Ujian Kepercayaan Investor di Indeks MSCI

Ketegangan di lantai bursa saat ini bersumber dari agenda pengumuman rebalancing MSCI Mei 2026. Indeks ini merupakan acuan utama bagi manajer investasi global dalam menyusun portofolio mereka secara otomatis.

Perubahan bobot, masuknya saham baru, atau keluarnya emiten dari indeks ini biasanya memicu aliran dana masuk maupun keluar dalam skala besar. Konteks pasar kali ini menjadi lebih sensitif bagi para pelaku industri keuangan.
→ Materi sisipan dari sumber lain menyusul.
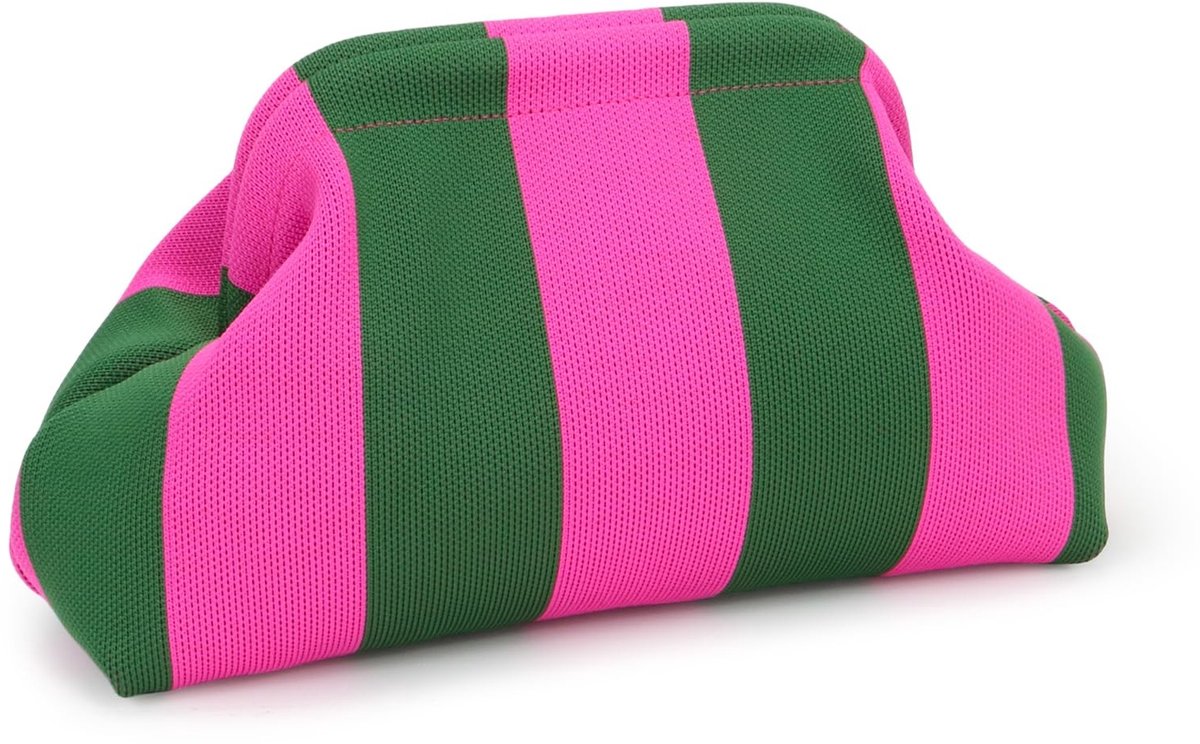 Dailygoods- Clutch met contrasterende strepen - Dameshandtas - Gebreid weefsel - Lichtgewicht - Compact - Ideaal voor dagelijks gebruik - Handtas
Sentimen ini diperkuat oleh langkah MSCI pada April 2026 yang sempat membekukan rebalancing saham-saham Indonesia. Keputusan tidak biasa tersebut sempat memicu ketidakpastian dan keraguan di pasar domestik.

Oleh sebab itu, tinjauan rutin yang dilakukan empat kali setahun ini menjadi momentum pembuktian. Hasilnya akan menunjukkan apakah kepercayaan asing terhadap pasar modal Indonesia masih solid atau justru melandai.